One of the common trends in machine learning has been an emphasis on the use of unlabeled data. The argument goes something like “there aren’t many labeled web pages out there, but there are a huge number of web pages, so we must find a way to take advantage of them.” There are several standard approaches for doing this:
- Unsupervised Learning. You use only unlabeled data. In a typical application, you cluster the data and hope that the clusters somehow correspond to what you care about.
- Semisupervised Learning. You use both unlabeled and labeled data to build a predictor. The unlabeled data influences the learned predictor in some way.
- Active Learning. You have unlabeled data and access to a labeling oracle. You interactively choose which examples to label so as to optimize prediction accuracy.
It seems there is a fourth approach worth serious investigation—automated labeling. The approach goes as follows:
- Identify some subset of observed values to predict from the others.
- Build a predictor.
- Use the output of the predictor to define a new prediction problem.

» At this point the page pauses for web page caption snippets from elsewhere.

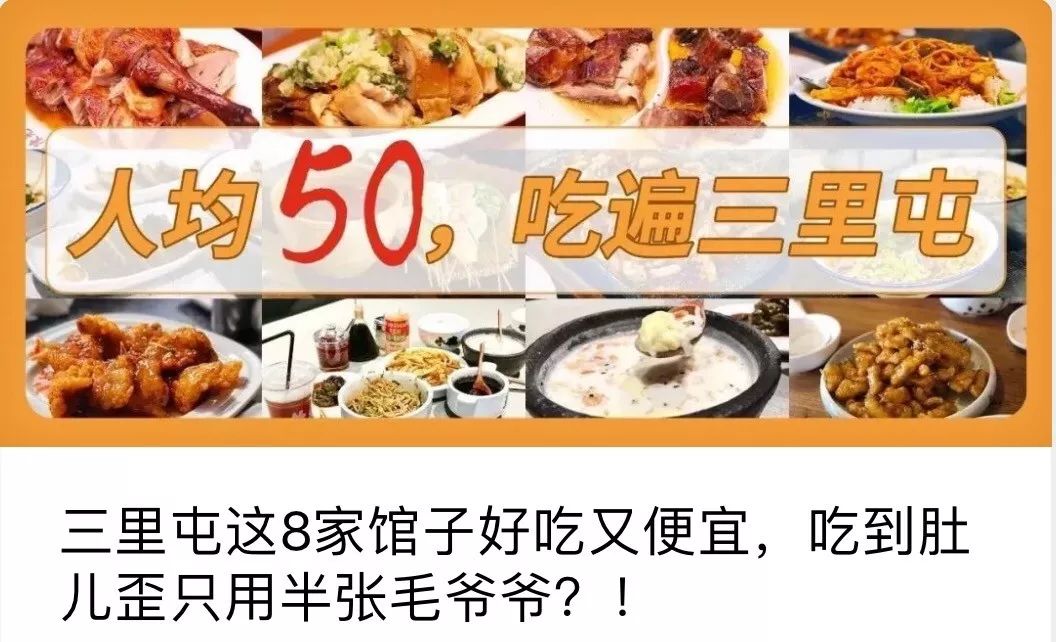 大董烤鸭人均消费,大董烤鸭北京总店人均10000块钱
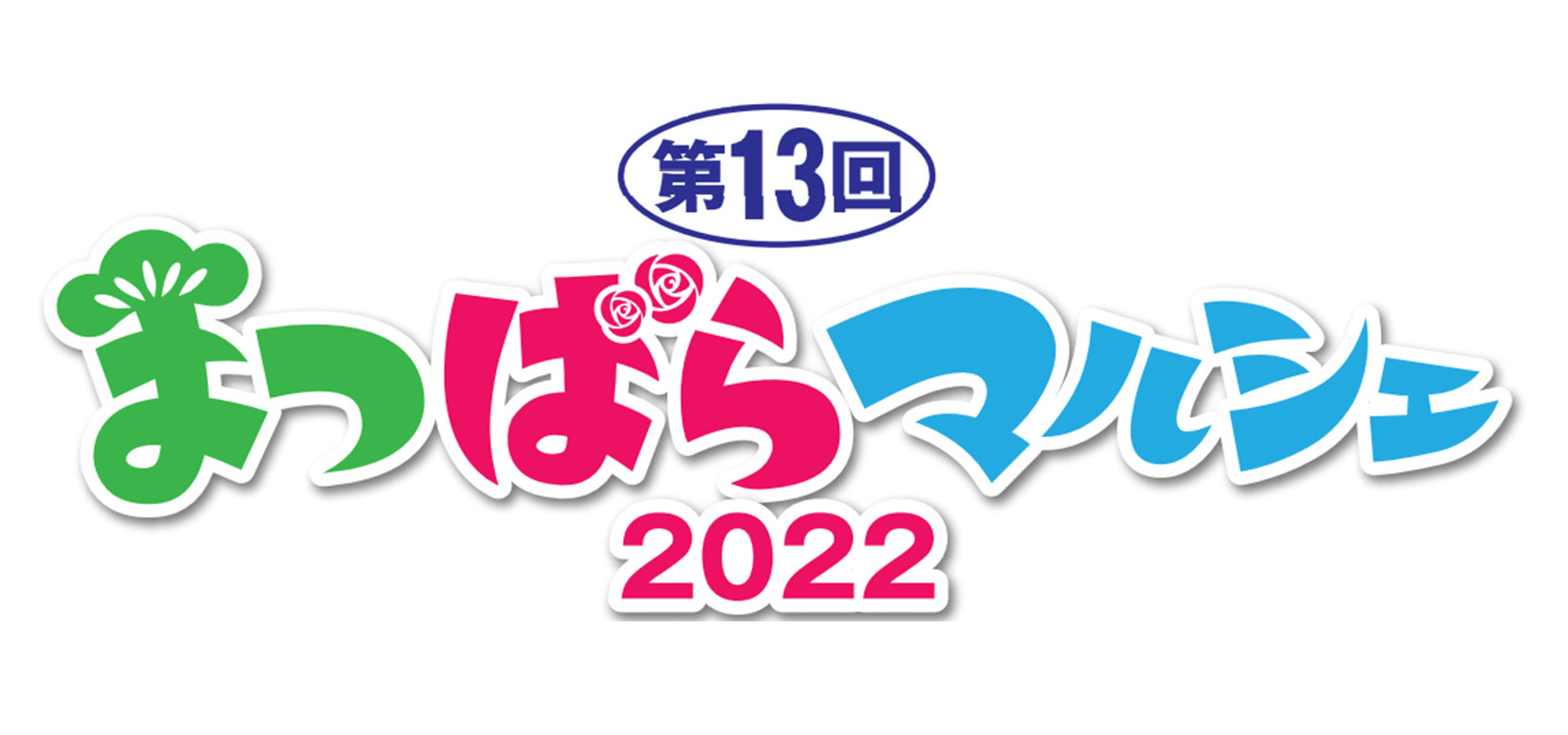 第13回まつばらマルシェ2022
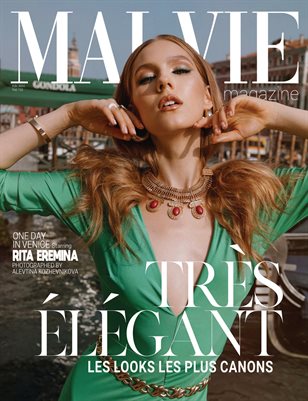 MALVIE THE ARTIST EDITION Vol. 732 February 2024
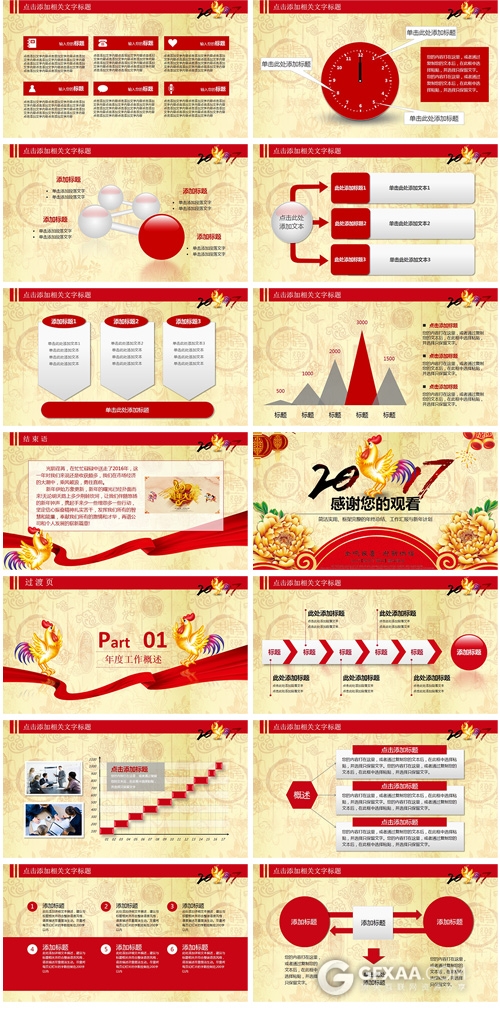 2017新年工作计划暨工作总结PPT模板 - 顶尖PPT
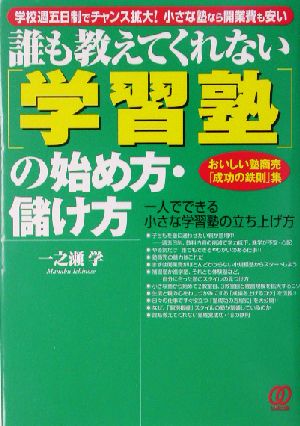 誰も教えてくれない「学習塾」の始め方・儲け方 おいしい塾商売「成功の鉄則」集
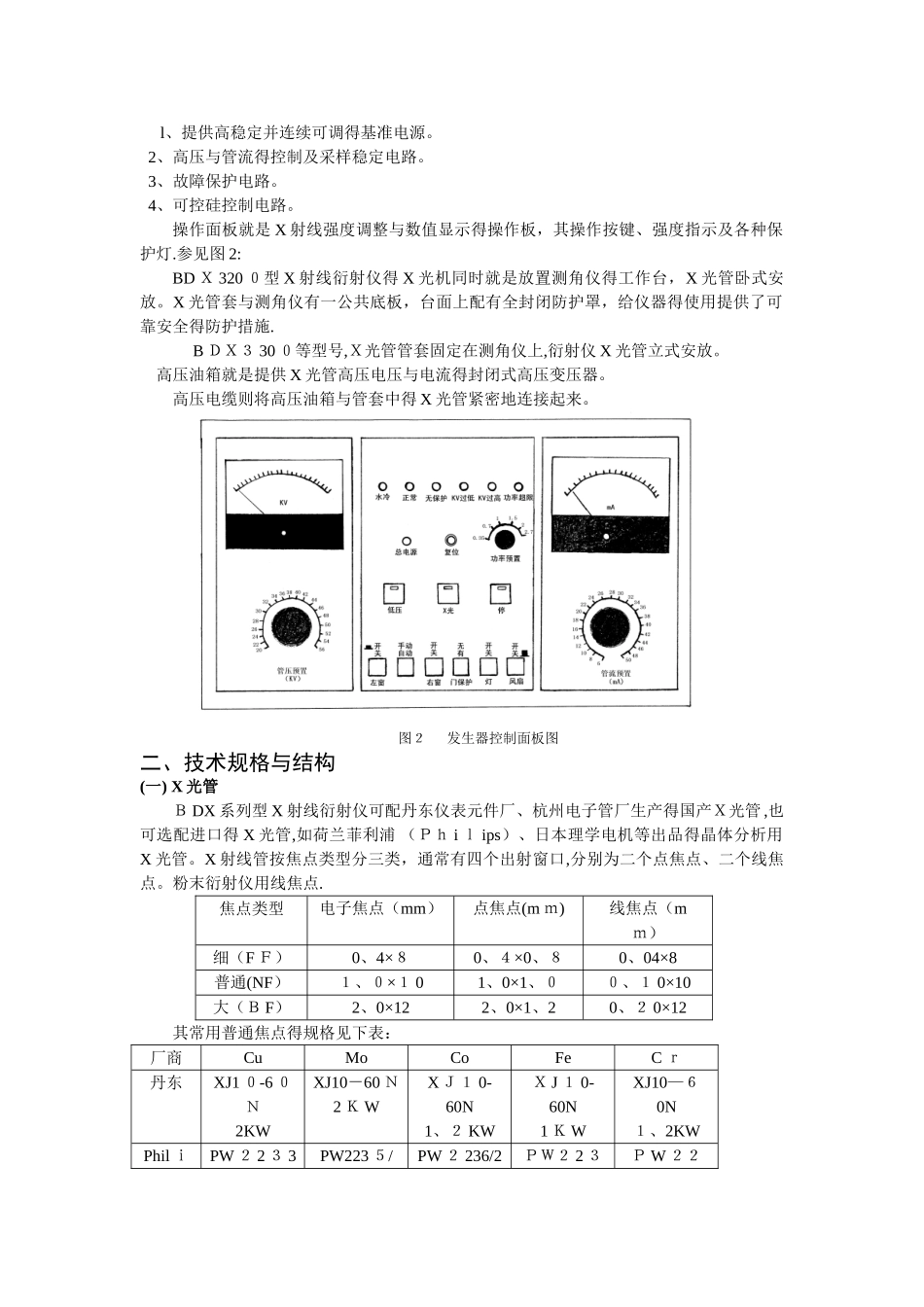 X射线发生器手册_第2页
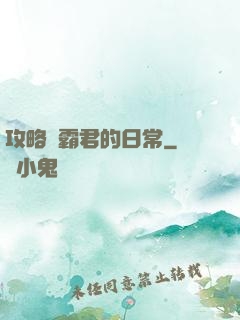 攻略學霸君的日常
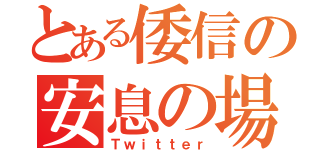 とある倭信の安息の場（Ｔｗｉｔｔｅｒ）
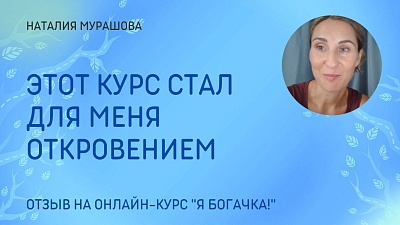 Этот курс стал для меня откровением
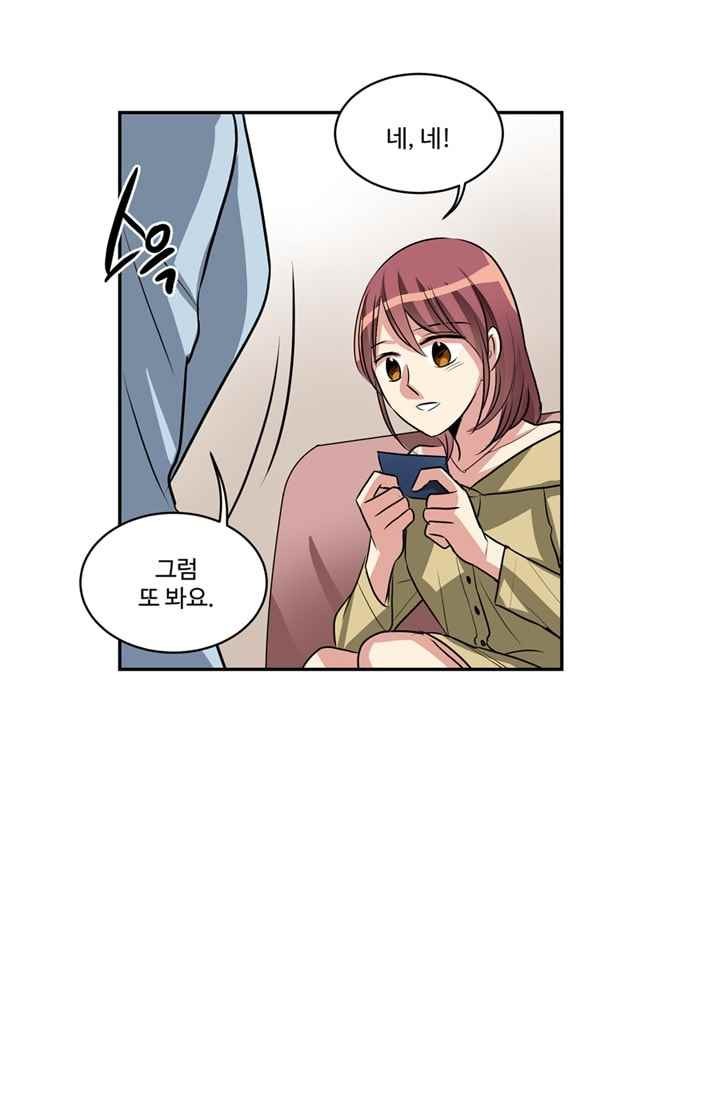 대마왕입니다, 설거지 해드릴까요? 62화
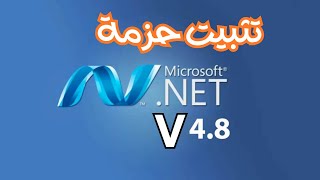 تثبيت NET Framework 48 في ويندوز 10 و 11 [upl. by Oicirbaf503]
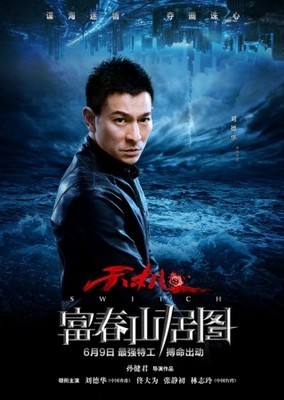 "富春"曝單人海報(bào)劉德華林志玲冰火對決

Examples of this sort seem to come up in robotics very naturally. An extreme version of this is:
- Predict nearby things given touch sensor output.
- Predict medium distance things given the nearby predictor.
- Predict far distance things given the medium distance predictor.
Some of the participants in the LAGR project are using this approach.
A less extreme version was the DARPA grand challenge winner where the output of a laser range finder was used to form a road-or-not predictor for a camera image.
These automated labeling techniques transform an unsupervised learning problem into a supervised learning problem, which has huge implications: we understand supervised learning much better and can bring to bear a host of techniques.
The set of work on automated labeling is sketchy—right now it is mostly just an observed-as-useful technique for which we have no general understanding. Some relevant bits of algorithm and theory are:
- Reinforcement learning to classification reductions which convert rewards into labels.
- Cotraining which considers a setting containing multiple data sources. When predictors using different data sources agree on unlabeled data, an inferred label is automatically created.
It’s easy to imagine that undiscovered algorithms and theory exist to guide and use this empirically useful technique.